━━━ RECORD EXTRACTS

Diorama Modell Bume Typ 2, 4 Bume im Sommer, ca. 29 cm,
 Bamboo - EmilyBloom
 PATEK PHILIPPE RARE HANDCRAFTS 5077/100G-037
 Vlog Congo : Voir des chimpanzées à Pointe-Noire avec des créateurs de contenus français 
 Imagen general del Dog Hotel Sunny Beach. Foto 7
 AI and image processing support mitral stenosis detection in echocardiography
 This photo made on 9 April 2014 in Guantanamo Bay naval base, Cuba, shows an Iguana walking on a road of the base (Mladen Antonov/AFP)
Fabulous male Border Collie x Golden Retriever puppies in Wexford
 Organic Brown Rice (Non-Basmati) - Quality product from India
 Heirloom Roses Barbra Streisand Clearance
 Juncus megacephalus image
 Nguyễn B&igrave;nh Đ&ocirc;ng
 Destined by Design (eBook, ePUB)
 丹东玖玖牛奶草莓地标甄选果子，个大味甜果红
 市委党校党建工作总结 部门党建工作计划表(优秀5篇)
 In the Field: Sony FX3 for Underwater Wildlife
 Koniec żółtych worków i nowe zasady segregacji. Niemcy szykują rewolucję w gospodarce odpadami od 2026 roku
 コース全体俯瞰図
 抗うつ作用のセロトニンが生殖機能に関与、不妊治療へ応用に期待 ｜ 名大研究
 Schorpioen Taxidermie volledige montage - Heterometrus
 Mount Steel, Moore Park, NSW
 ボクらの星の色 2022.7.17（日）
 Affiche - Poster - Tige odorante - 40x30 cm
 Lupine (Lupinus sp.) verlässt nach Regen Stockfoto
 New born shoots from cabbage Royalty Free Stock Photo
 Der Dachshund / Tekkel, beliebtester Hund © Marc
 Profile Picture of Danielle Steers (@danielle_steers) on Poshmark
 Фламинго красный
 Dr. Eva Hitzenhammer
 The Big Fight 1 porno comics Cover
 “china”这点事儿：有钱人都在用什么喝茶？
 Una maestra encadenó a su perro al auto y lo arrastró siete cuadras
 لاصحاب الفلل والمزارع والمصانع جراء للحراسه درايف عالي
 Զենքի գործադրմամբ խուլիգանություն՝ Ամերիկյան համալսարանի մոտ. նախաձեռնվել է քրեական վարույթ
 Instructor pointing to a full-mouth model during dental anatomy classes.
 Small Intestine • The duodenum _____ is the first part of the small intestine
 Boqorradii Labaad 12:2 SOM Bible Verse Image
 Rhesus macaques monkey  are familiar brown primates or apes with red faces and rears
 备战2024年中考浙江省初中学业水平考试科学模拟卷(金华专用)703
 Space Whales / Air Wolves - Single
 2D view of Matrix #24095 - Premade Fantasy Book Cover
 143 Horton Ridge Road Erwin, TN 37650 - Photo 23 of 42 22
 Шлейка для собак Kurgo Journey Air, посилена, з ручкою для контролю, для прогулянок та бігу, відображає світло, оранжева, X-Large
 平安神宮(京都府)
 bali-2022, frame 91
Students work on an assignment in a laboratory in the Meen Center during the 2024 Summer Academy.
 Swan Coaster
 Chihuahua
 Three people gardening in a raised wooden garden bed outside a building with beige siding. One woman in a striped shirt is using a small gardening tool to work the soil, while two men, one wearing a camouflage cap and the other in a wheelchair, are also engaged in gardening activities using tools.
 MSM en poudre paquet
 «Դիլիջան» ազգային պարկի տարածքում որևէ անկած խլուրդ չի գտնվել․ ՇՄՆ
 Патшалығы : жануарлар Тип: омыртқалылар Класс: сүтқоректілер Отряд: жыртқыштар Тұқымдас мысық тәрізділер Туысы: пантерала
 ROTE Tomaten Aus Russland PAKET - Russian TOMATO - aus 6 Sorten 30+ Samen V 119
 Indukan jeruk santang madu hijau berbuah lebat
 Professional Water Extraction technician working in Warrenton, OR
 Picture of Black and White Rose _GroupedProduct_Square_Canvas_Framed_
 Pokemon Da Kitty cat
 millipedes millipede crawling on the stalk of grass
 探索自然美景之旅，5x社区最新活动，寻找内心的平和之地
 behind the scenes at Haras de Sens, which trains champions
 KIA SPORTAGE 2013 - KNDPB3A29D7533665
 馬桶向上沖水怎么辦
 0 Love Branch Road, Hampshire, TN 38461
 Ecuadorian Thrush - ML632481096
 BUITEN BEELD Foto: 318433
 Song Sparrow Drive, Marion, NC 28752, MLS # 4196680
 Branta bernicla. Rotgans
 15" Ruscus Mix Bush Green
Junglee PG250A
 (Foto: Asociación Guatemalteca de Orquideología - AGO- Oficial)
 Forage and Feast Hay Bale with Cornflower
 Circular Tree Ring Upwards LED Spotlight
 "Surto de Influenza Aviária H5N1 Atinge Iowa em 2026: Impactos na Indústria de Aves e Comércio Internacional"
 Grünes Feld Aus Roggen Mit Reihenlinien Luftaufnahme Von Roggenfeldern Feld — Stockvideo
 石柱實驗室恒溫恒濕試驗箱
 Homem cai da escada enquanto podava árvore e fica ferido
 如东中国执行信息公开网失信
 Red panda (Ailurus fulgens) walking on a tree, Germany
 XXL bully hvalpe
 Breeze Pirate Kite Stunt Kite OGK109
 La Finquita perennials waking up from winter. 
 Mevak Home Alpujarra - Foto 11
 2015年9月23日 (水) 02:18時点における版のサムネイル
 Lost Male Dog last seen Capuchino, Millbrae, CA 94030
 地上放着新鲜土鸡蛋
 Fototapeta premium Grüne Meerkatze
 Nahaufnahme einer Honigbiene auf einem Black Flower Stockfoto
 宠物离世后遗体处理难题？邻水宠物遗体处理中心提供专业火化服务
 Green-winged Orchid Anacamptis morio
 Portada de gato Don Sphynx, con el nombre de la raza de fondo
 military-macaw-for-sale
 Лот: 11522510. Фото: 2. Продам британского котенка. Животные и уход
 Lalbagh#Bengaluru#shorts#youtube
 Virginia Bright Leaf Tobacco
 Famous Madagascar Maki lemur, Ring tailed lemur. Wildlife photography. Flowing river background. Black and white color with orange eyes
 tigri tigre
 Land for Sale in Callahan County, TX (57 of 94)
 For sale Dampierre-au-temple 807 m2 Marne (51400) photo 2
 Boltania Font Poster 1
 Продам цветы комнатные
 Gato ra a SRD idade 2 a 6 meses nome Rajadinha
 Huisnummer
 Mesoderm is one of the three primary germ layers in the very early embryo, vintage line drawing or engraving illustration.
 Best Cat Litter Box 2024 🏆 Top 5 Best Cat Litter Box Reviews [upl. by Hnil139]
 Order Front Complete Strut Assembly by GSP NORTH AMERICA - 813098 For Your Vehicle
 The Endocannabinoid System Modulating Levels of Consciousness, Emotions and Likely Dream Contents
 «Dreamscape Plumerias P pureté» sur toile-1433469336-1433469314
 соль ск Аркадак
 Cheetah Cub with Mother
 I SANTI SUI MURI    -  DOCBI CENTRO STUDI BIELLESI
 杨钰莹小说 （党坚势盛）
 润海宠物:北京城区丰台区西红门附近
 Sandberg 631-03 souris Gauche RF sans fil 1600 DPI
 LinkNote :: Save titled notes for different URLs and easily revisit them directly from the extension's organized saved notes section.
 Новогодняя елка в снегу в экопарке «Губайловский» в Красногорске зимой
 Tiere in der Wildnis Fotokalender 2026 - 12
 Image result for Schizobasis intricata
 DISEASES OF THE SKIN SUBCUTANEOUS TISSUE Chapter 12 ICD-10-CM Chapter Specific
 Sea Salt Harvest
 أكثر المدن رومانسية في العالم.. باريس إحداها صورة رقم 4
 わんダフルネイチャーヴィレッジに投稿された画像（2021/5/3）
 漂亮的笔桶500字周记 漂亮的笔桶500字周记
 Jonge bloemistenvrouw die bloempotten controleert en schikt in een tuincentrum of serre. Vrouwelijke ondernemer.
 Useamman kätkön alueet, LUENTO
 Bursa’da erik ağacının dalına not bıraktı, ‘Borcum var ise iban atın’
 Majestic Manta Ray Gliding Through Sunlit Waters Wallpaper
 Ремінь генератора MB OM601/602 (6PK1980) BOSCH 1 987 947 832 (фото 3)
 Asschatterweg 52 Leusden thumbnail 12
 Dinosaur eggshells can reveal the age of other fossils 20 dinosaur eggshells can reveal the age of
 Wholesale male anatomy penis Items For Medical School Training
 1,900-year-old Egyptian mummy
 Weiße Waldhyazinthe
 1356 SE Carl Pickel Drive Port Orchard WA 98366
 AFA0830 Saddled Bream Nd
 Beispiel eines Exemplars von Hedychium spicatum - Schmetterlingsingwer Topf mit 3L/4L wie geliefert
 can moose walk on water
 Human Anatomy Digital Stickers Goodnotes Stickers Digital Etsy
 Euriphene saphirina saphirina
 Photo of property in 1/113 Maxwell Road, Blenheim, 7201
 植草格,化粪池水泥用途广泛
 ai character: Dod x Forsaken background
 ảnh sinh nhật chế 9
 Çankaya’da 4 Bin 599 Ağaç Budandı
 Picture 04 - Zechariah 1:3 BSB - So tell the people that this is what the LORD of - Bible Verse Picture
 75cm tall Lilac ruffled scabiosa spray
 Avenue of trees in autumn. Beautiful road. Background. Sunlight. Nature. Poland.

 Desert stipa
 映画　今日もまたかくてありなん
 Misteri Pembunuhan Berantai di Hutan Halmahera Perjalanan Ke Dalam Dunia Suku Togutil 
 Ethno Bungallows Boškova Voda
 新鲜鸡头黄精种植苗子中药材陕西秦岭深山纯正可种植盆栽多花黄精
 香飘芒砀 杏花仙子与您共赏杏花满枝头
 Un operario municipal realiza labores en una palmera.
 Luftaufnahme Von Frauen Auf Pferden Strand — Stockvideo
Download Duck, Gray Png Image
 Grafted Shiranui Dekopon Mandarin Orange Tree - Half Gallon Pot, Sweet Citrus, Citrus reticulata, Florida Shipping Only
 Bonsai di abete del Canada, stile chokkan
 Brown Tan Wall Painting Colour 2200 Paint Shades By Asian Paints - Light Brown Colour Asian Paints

━━━━━━

Once you find the line with "Junglee PG250A" above, print it and every line after it up to and including the line with "military-macaw-for-sale", exactly as written and nothing else.

**SOLUTION:**
Junglee PG250A
 (Foto: Asociación Guatemalteca de Orquideología - AGO- Oficial)
 Forage and Feast Hay Bale with Cornflower
 Circular Tree Ring Upwards LED Spotlight
 "Surto de Influenza Aviária H5N1 Atinge Iowa em 2026: Impactos na Indústria de Aves e Comércio Internacional"
 Grünes Feld Aus Roggen Mit Reihenlinien Luftaufnahme Von Roggenfeldern Feld — Stockvideo
 石柱實驗室恒溫恒濕試驗箱
 Homem cai da escada enquanto podava árvore e fica ferido
 如东中国执行信息公开网失信
 Red panda (Ailurus fulgens) walking on a tree, Germany
 XXL bully hvalpe
 Breeze Pirate Kite Stunt Kite OGK109
 La Finquita perennials waking up from winter. 
 Mevak Home Alpujarra - Foto 11
 2015年9月23日 (水) 02:18時点における版のサムネイル
 Lost Male Dog last seen Capuchino, Millbrae, CA 94030
 地上放着新鲜土鸡蛋
 Fototapeta premium Grüne Meerkatze
 Nahaufnahme einer Honigbiene auf einem Black Flower Stockfoto
 宠物离世后遗体处理难题？邻水宠物遗体处理中心提供专业火化服务
 Green-winged Orchid Anacamptis morio
 Portada de gato Don Sphynx, con el nombre de la raza de fondo
 military-macaw-for-sale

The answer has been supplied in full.